> [TASK GOAL] Copy out all the lines of the data that hold the word "Boho".

Short web captions
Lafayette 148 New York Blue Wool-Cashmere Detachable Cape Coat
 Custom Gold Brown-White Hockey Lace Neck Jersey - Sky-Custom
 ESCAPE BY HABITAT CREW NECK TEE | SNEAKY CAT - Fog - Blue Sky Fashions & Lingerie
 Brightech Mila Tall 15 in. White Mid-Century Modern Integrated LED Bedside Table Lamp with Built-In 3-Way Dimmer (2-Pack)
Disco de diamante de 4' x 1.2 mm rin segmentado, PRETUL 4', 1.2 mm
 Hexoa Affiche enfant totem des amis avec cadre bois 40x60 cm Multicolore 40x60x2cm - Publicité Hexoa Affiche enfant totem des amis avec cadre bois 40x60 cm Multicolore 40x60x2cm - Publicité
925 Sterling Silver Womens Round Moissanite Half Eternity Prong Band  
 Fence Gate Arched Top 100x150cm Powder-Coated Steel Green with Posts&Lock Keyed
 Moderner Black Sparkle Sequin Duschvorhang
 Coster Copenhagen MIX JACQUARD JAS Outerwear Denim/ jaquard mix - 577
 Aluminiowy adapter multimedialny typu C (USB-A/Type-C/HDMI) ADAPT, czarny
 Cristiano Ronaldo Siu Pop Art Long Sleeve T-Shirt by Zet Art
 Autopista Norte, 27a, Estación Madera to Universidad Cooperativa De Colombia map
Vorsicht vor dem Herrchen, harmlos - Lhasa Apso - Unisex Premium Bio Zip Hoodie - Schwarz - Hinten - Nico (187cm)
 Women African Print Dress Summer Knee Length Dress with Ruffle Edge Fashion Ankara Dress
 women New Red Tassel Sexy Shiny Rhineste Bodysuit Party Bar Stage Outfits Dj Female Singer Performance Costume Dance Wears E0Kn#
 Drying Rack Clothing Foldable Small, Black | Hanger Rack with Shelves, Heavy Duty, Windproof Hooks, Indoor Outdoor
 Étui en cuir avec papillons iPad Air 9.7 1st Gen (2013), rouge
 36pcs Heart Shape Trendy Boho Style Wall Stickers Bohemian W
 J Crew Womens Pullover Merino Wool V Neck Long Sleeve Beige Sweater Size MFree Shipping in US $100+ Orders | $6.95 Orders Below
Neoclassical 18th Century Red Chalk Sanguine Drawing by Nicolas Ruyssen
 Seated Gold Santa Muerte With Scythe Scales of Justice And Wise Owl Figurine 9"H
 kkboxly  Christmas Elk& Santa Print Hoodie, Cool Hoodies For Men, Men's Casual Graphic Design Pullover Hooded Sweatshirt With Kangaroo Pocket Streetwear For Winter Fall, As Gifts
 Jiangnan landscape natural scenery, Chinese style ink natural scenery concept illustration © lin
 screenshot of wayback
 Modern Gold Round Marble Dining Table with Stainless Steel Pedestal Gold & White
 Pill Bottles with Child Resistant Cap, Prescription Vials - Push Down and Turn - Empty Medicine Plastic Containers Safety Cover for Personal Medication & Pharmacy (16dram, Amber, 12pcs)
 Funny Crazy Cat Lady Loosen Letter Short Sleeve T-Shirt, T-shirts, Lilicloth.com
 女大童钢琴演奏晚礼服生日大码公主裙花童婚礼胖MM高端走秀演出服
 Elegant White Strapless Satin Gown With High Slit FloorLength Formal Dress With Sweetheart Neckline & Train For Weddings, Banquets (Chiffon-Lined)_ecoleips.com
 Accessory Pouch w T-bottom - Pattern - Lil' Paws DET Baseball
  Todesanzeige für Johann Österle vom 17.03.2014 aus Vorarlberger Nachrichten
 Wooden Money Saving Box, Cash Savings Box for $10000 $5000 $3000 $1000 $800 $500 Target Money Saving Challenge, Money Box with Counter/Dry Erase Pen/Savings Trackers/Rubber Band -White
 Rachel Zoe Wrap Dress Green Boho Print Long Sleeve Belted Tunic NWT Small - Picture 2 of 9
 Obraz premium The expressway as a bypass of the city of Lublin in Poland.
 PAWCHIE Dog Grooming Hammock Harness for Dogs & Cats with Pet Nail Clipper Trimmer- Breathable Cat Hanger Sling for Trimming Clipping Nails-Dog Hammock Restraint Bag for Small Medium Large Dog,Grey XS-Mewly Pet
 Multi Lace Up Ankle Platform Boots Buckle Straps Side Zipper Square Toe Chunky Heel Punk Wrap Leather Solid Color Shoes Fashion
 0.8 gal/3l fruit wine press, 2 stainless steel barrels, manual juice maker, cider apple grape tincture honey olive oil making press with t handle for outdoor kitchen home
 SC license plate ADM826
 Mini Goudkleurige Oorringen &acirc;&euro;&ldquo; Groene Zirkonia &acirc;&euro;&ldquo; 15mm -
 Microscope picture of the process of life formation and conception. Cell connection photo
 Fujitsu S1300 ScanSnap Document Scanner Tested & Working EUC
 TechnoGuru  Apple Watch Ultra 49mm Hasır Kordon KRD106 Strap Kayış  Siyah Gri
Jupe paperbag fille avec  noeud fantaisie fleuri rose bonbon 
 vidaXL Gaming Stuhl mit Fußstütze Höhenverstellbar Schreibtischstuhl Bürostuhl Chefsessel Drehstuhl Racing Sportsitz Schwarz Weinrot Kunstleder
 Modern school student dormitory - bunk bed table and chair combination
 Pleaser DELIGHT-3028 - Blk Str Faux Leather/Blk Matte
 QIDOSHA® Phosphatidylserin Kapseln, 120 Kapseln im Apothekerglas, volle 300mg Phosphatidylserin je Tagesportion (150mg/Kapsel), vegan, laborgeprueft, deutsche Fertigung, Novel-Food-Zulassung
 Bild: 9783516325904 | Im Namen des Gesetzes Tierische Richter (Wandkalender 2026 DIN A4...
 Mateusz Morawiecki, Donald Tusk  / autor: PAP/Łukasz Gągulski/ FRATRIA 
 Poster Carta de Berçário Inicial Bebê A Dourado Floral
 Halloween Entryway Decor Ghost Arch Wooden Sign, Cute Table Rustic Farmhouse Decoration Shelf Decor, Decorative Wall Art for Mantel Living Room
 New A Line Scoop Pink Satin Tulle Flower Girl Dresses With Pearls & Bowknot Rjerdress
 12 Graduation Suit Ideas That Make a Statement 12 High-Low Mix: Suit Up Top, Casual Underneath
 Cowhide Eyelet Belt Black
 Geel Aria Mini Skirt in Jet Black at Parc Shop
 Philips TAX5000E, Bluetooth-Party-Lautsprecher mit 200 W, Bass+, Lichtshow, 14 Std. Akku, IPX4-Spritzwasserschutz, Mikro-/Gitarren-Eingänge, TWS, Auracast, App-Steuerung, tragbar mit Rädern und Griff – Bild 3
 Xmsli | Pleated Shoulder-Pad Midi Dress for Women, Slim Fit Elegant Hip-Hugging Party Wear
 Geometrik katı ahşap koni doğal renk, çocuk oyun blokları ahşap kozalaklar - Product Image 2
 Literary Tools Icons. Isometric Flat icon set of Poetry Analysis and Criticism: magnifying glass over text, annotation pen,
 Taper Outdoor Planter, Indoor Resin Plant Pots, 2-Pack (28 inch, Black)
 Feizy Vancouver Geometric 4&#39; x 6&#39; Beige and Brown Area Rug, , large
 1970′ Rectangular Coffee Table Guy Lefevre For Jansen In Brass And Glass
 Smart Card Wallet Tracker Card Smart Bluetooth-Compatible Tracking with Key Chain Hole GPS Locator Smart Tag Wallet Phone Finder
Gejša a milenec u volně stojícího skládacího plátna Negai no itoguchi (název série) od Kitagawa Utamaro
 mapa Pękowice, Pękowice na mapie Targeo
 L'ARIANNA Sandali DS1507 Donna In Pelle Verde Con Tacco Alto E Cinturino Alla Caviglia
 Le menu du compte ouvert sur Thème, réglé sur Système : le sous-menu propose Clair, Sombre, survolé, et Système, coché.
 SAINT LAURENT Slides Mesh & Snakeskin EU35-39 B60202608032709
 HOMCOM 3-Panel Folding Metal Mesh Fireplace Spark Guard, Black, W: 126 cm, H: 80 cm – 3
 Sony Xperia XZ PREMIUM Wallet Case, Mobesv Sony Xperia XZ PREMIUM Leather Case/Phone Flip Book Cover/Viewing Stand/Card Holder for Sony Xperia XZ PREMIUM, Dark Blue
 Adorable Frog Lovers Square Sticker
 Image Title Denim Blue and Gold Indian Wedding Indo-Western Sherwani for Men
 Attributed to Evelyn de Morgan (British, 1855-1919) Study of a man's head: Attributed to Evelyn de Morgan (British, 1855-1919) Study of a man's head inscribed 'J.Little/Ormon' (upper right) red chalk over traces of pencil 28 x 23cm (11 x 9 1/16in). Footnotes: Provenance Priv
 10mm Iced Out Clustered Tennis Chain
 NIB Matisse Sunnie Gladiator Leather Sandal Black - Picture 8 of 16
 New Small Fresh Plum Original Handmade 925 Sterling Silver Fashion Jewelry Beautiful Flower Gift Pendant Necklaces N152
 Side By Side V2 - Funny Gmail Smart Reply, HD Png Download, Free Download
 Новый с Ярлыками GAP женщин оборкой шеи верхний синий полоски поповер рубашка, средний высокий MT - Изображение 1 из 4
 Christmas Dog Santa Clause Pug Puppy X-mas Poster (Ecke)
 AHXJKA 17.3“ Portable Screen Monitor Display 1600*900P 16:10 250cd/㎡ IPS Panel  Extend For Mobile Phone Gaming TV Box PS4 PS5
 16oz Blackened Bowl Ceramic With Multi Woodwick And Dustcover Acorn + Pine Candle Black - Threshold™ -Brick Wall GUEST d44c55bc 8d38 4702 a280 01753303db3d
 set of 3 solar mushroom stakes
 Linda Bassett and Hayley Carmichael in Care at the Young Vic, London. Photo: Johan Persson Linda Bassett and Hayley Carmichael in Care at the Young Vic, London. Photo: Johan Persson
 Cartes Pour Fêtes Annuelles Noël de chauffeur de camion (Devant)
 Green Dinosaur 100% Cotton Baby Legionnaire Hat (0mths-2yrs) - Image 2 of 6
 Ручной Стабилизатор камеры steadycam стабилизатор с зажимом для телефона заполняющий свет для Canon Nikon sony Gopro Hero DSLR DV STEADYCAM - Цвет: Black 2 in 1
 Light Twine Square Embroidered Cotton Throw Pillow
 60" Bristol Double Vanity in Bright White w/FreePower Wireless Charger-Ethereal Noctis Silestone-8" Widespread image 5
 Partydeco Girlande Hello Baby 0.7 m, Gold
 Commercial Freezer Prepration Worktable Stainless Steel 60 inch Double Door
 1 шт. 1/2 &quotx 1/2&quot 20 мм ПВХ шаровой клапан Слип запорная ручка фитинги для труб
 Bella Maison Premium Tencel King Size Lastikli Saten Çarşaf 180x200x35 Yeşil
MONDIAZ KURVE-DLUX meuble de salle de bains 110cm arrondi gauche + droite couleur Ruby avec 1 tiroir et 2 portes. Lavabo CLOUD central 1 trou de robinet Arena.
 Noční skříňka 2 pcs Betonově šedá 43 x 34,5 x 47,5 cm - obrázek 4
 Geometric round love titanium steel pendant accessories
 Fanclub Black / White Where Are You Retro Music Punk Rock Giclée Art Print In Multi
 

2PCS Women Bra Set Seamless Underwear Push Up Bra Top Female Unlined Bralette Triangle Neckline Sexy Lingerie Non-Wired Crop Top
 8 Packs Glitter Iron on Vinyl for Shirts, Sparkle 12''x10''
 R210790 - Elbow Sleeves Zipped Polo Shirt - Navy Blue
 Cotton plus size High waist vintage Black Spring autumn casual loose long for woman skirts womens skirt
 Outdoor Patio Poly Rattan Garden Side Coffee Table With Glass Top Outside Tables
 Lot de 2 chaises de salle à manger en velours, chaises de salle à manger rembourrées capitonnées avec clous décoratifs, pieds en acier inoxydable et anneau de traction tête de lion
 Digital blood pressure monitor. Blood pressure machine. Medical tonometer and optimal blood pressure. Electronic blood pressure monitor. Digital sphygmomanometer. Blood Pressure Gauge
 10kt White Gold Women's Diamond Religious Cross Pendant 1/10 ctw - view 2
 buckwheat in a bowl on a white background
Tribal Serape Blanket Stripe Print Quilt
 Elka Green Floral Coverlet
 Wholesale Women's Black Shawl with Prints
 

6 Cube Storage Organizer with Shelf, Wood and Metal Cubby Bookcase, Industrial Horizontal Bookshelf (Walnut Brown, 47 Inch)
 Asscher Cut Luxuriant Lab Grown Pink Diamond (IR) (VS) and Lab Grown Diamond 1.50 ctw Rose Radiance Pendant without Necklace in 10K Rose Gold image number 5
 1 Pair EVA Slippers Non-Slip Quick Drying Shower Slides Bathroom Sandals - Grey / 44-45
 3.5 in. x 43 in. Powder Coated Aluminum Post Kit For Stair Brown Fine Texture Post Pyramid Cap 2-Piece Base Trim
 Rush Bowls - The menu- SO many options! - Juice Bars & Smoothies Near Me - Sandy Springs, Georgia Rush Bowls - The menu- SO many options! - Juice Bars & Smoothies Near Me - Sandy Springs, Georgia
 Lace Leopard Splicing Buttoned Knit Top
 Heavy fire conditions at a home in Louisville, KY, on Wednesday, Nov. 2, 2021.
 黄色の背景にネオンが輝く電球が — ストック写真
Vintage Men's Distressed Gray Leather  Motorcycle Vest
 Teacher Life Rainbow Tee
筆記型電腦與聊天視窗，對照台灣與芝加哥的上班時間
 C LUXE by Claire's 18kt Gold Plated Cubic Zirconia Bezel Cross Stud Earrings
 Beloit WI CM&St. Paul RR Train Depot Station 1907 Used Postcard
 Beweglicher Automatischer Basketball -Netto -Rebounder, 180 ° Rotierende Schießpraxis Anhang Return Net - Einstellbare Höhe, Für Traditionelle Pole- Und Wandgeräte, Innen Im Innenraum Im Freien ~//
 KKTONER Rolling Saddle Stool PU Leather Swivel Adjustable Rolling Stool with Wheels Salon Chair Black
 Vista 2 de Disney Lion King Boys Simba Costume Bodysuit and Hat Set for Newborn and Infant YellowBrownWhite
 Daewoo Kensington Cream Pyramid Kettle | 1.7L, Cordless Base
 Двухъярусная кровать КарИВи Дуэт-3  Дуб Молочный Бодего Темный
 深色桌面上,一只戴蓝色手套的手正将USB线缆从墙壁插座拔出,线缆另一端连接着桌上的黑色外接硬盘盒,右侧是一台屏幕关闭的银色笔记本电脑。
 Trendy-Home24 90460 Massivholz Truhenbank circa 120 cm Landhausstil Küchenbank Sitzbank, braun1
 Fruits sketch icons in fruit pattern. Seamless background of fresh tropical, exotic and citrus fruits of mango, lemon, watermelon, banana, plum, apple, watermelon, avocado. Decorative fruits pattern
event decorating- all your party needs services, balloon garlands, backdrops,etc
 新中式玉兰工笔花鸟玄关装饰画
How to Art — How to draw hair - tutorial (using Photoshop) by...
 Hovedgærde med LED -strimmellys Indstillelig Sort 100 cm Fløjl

> [TASK SOLUTION]
 36pcs Heart Shape Trendy Boho Style Wall Stickers Bohemian W
 Rachel Zoe Wrap Dress Green Boho Print Long Sleeve Belted Tunic NWT Small - Picture 2 of 9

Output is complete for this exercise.